(Image-text web data)
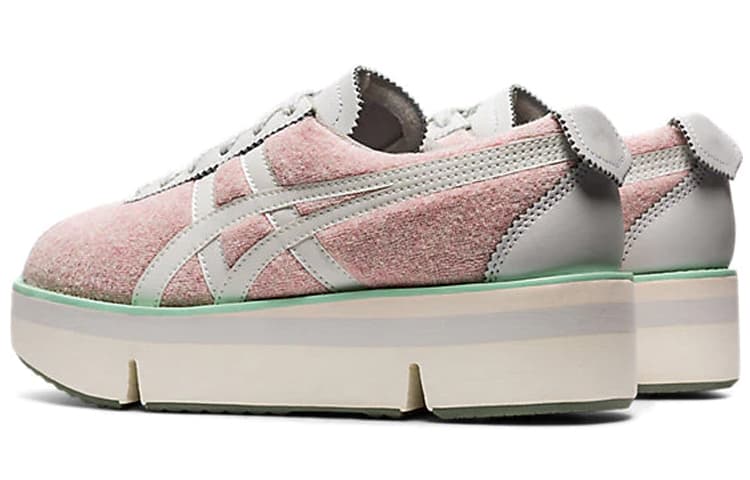 Кроссовки Onitsuka Tiger Pokkuri Sneaker Pf - изображение 4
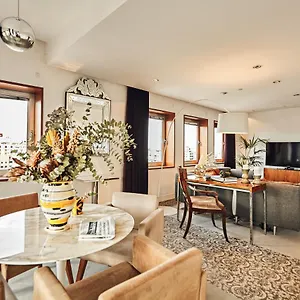 4* Otel Ur Palacio Avenida - Adults Only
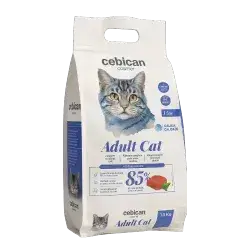 Cebican For Adult With Tuna Flavour 1.5kg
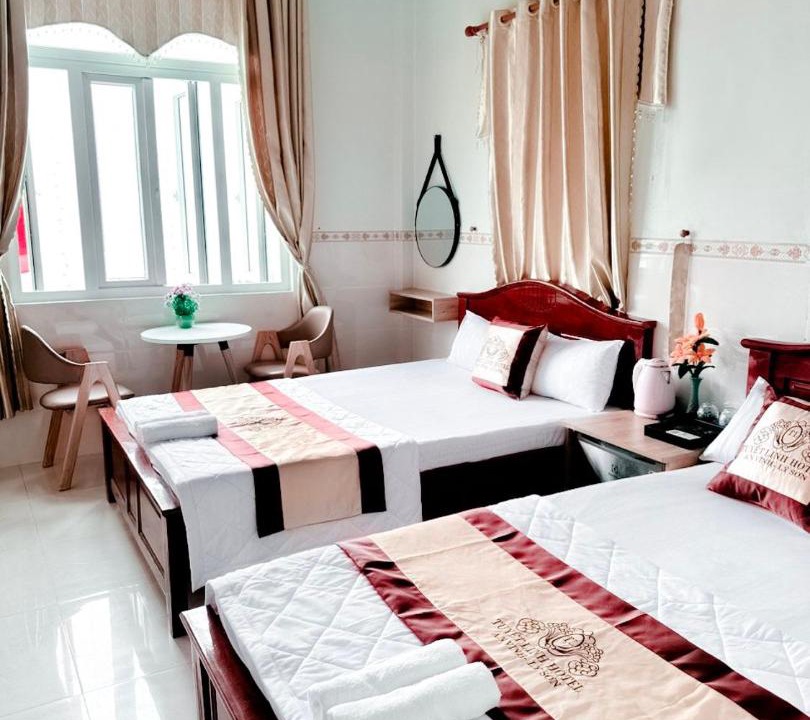 Photo of Bedroom in Ly Son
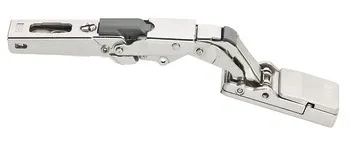 SERIES B HINGE SURFACE MOUNT SPRUNG NICK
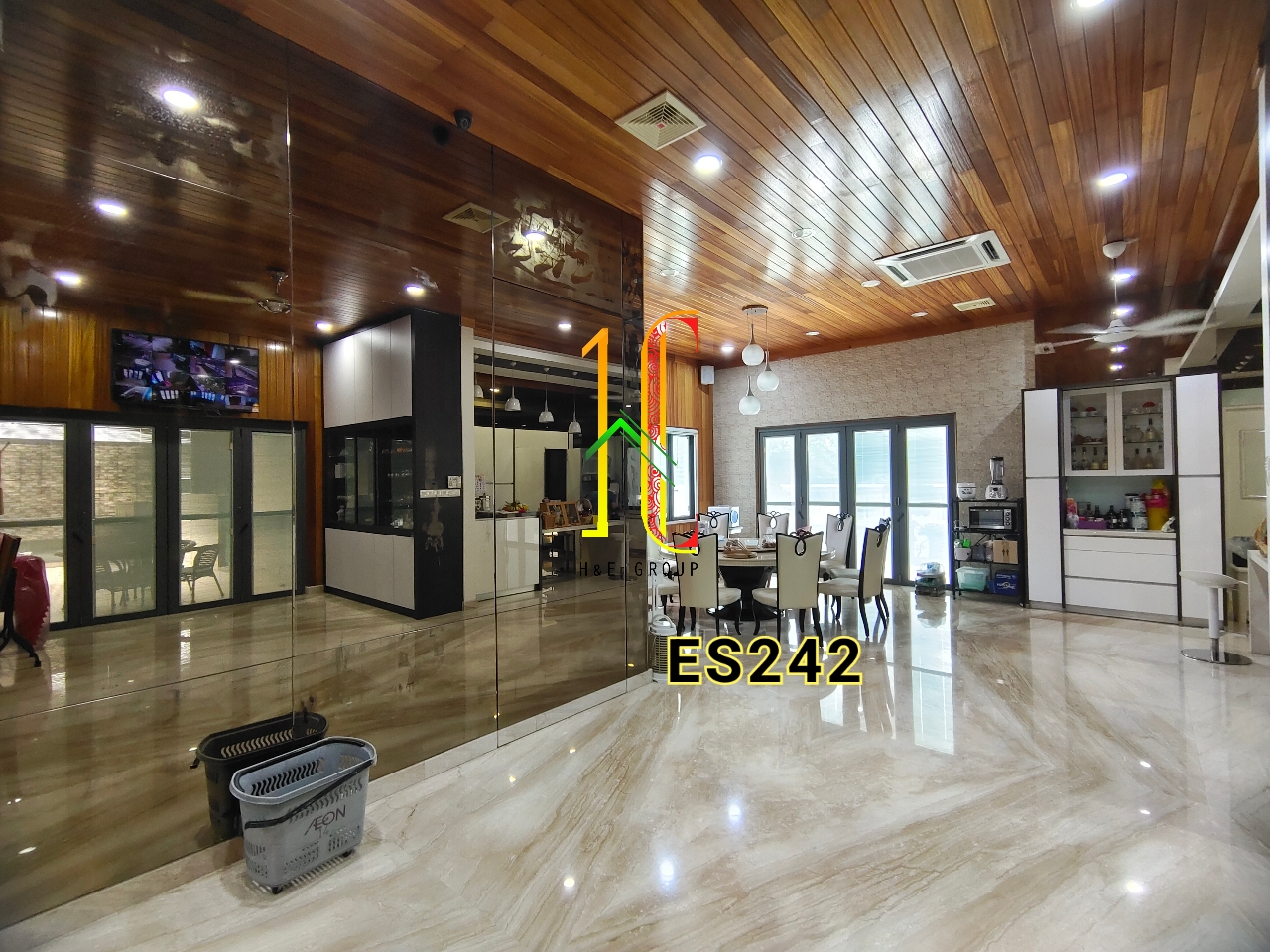 Setia Eco Park image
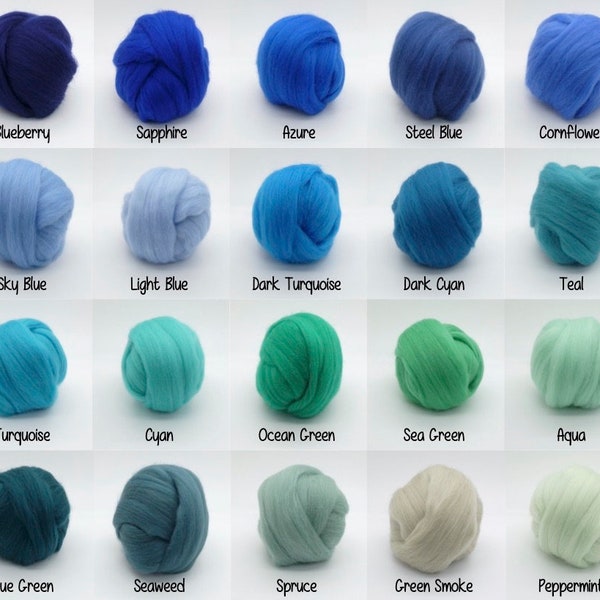 Felting Wool Etsy UK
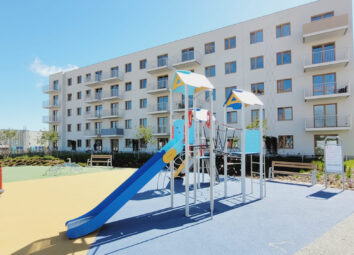 Rumia |3 pokoje |Nowe budownictwo |Zielona okolica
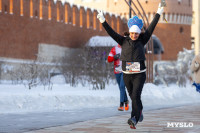 Туляки на «Забеге обещаний» поделились планами на 2026-й, Фото: 21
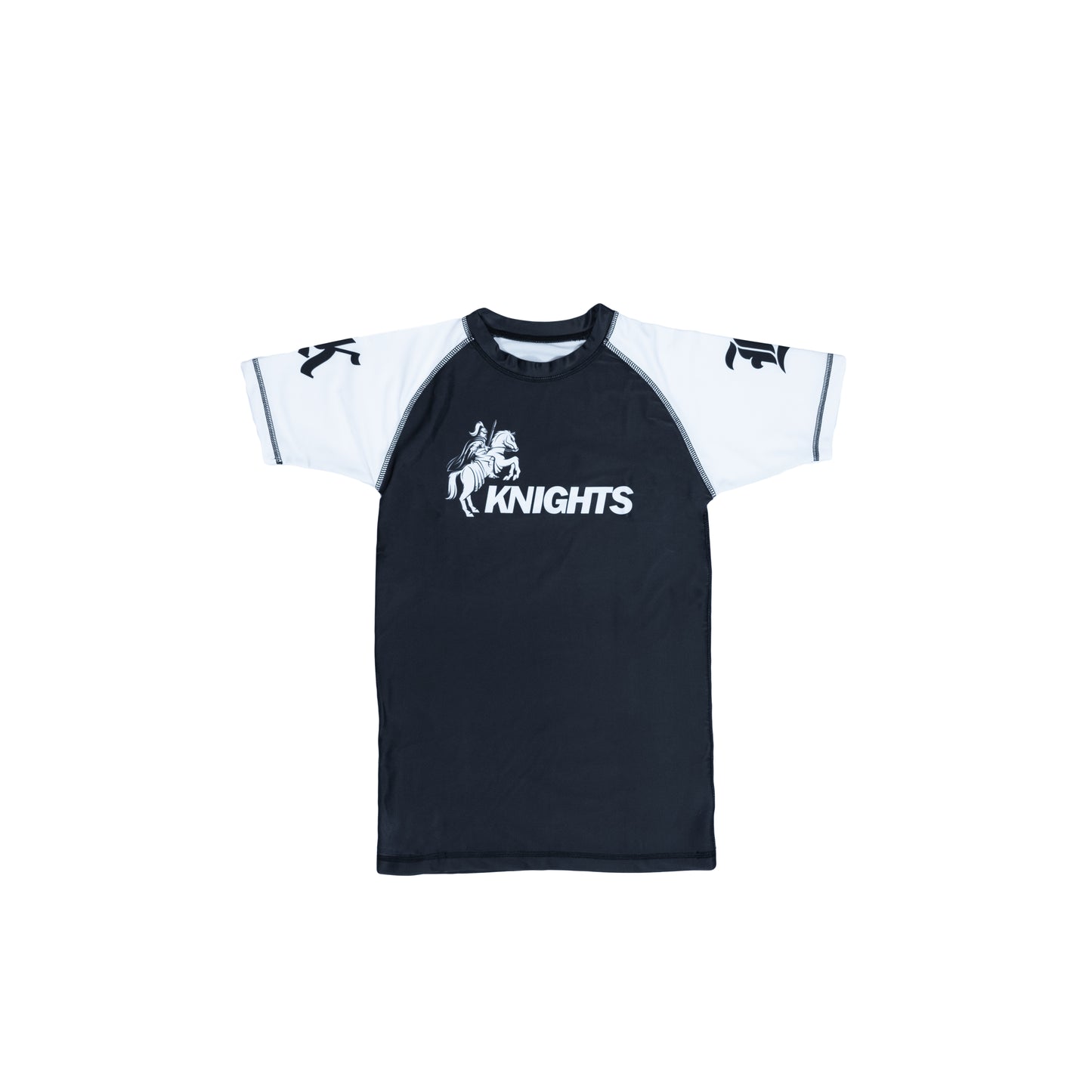 Knights Rashguard Tourney Kids
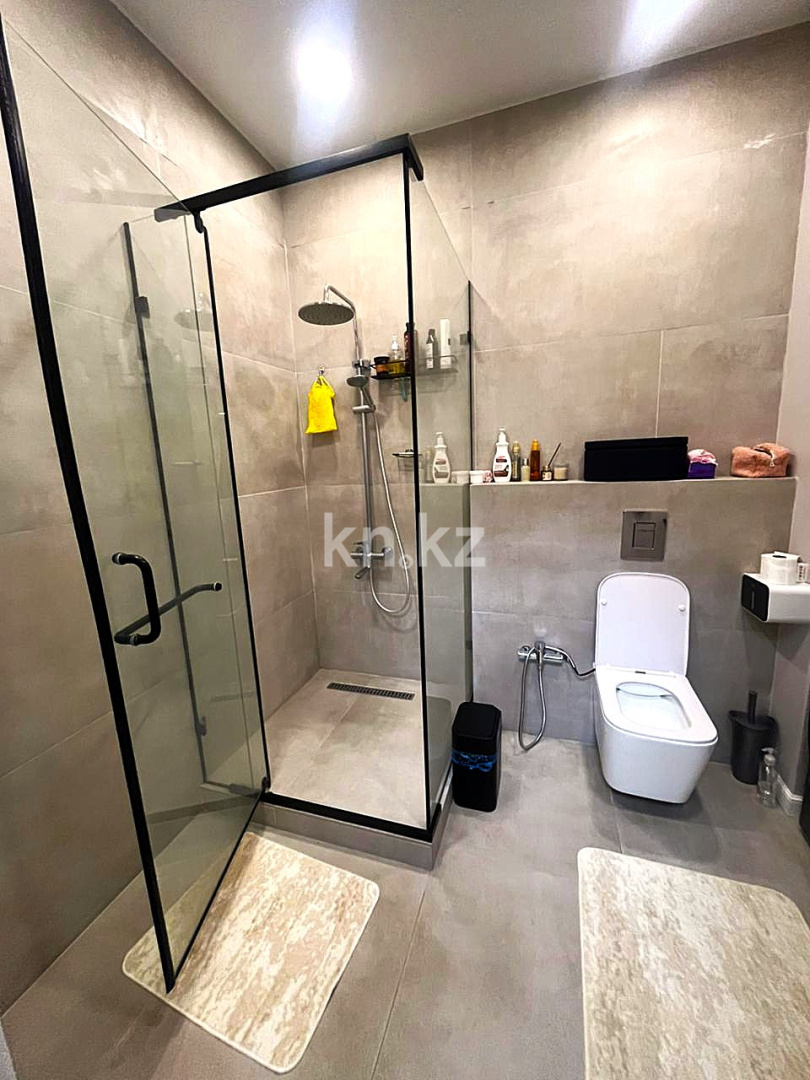 Продажа 2-комнатной квартиры, 49 м² в Астане - фото 7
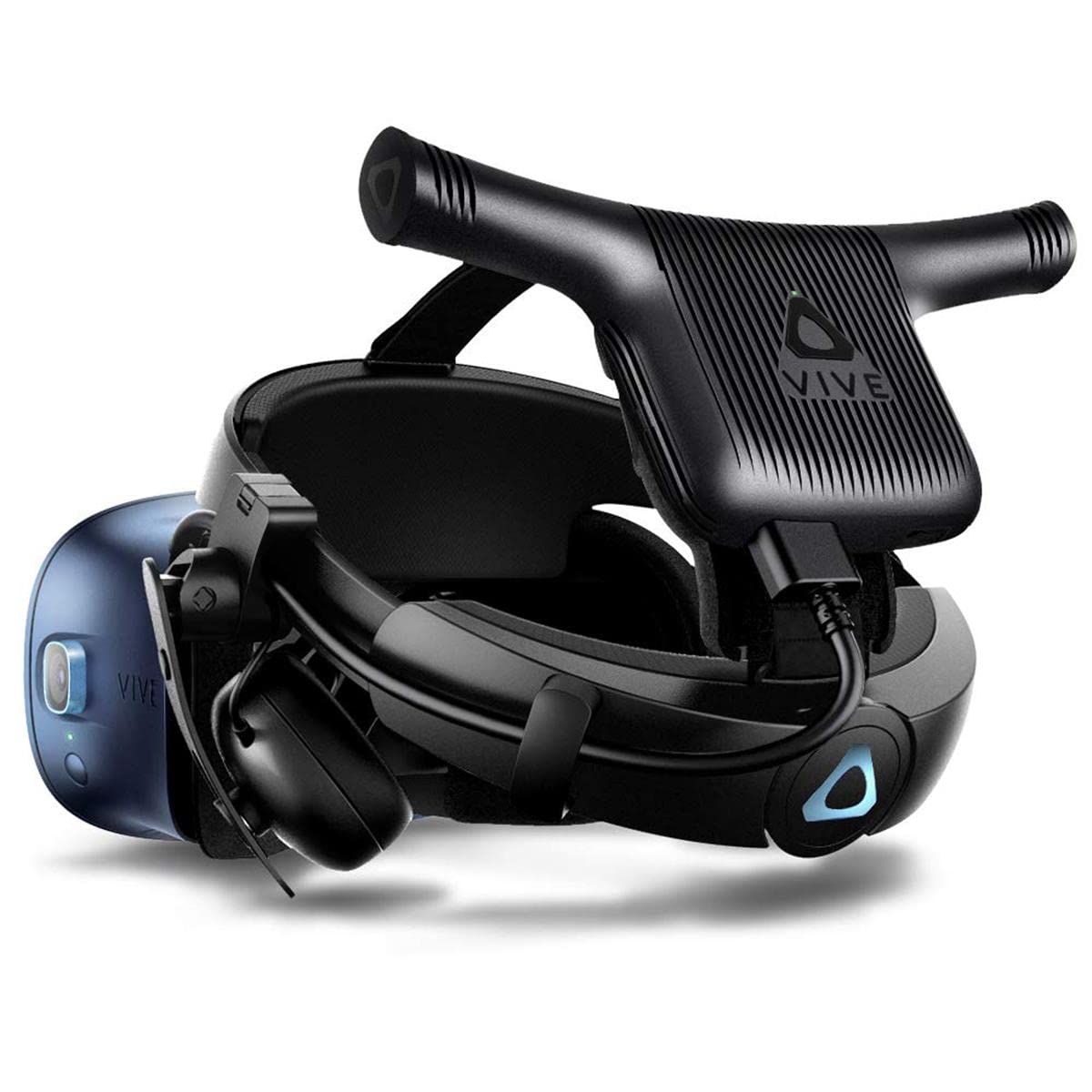 HTC VIVE Wireless Adapter Full Kit for VIVE Cosmos Black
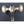 Load image into Gallery viewer, Jack & Jill Mortise Door Lock With Door Knobs & Brass Rosettes #GA134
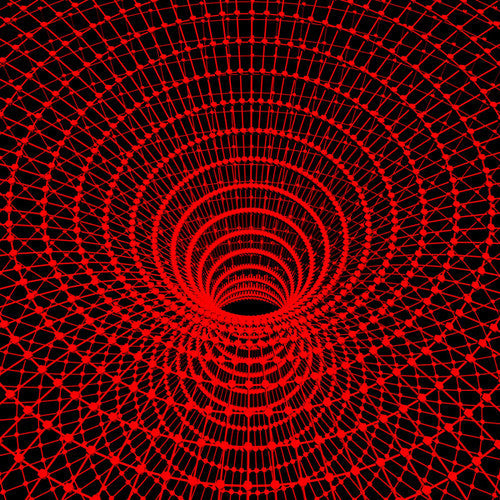 Jonas Kopp: Photon Belt - Record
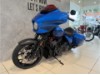 HARLEY-DAVIDSON FLHXSTSE CVO Street Glide ST, 0011279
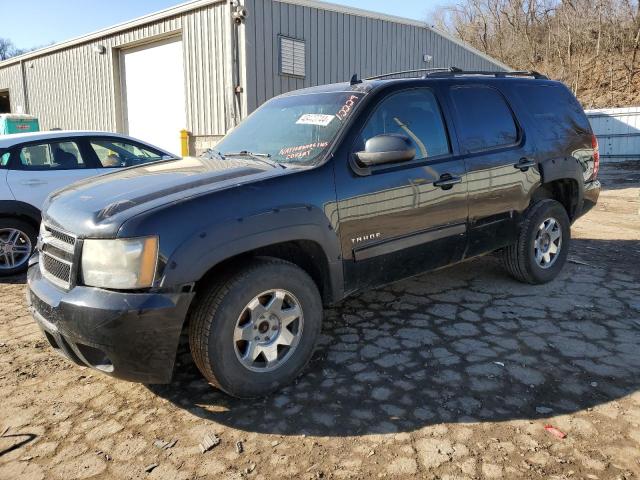 CHEVROLET TAHOE 2011 1gnskae09br268309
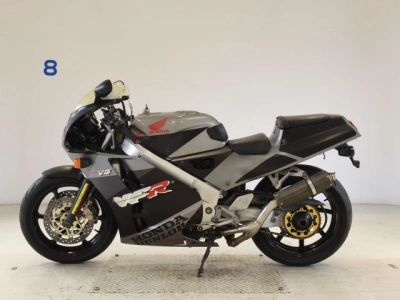 Honda VFR400R-2(SHO LOUIS  NOT EQUIPPED )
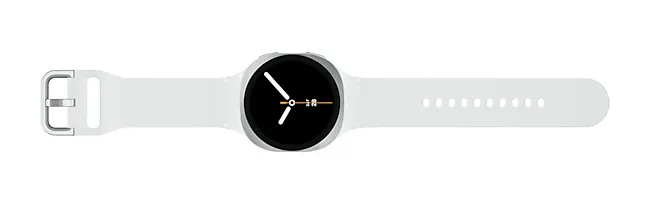 Samsung Galaxy Watch8 40mm Bluetooth - smartwatch, Silver
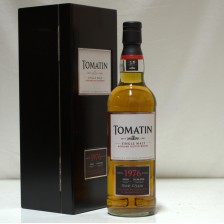 Tomatin 1976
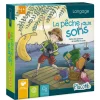Tout Pour le Jeu La pêche aux sons - Jeu Placote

* WHAT TO WORK ON
Reproduce the records exactly, images excluded.

* WRITTEN ANSWER
 Кроссовки Onitsuka Tiger Pokkuri Sneaker Pf - изображение 4
 4* Otel Ur Palacio Avenida - Adults Only
 Cebican For Adult With Tuna Flavour 1.5kg
 Photo of Bedroom in Ly Son
 SERIES B HINGE SURFACE MOUNT SPRUNG NICK
 Setia Eco Park image
 Felting Wool Etsy UK
 Rumia |3 pokoje |Nowe budownictwo |Zielona okolica
 Туляки на «Забеге обещаний» поделились планами на 2026-й, Фото: 21
 Knights Rashguard Tourney Kids
 Продажа 2-комнатной квартиры, 49 м² в Астане - фото 7
 HTC VIVE Wireless Adapter Full Kit for VIVE Cosmos Black
 Load image into Gallery viewer, Jack & Jill Mortise Door Lock With Door Knobs & Brass Rosettes #GA134
 Jonas Kopp: Photon Belt - Record
 HARLEY-DAVIDSON FLHXSTSE CVO Street Glide ST, 0011279
 CHEVROLET TAHOE 2011 1gnskae09br268309
 Honda VFR400R-2(SHO LOUIS  NOT EQUIPPED )
 Samsung Galaxy Watch8 40mm Bluetooth - smartwatch, Silver
 Tomatin 1976
Tout Pour le Jeu La pêche aux sons - Jeu Placote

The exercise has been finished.